• **WHAT THE TASK REQUIRES**
Where a line of the listing below includes the word "Package", reproduce that line.

• **DATASET CONTENT**
- Opening Delimiter -

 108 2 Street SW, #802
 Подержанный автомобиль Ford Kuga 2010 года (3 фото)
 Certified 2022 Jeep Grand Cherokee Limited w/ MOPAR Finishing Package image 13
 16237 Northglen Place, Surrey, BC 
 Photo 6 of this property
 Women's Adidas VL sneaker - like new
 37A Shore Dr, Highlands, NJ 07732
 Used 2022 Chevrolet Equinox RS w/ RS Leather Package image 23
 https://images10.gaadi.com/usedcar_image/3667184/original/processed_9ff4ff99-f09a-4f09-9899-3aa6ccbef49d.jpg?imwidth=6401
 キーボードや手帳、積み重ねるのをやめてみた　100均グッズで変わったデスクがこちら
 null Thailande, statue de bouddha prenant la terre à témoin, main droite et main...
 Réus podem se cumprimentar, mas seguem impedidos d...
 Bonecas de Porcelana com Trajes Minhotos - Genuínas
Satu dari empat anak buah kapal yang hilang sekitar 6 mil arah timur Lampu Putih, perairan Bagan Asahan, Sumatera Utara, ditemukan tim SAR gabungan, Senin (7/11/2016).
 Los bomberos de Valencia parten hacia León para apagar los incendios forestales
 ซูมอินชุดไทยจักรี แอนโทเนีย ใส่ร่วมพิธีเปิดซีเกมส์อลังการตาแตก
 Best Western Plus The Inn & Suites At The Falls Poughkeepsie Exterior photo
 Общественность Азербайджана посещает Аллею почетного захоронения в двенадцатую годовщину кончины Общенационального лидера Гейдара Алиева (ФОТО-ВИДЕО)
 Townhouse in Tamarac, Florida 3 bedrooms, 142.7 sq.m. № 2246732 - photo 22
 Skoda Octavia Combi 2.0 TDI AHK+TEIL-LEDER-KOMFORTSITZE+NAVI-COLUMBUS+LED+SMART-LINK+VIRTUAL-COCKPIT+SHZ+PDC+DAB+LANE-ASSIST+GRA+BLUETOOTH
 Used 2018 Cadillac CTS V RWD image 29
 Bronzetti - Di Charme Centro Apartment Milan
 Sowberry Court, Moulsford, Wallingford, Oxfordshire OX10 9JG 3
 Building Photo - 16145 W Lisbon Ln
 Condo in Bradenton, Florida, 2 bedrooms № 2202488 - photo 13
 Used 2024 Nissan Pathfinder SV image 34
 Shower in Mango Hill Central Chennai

- Closing Delimiter -

• **SOLVED EXERCISE**
 Certified 2022 Jeep Grand Cherokee Limited w/ MOPAR Finishing Package image 13
 Used 2022 Chevrolet Equinox RS w/ RS Leather Package image 23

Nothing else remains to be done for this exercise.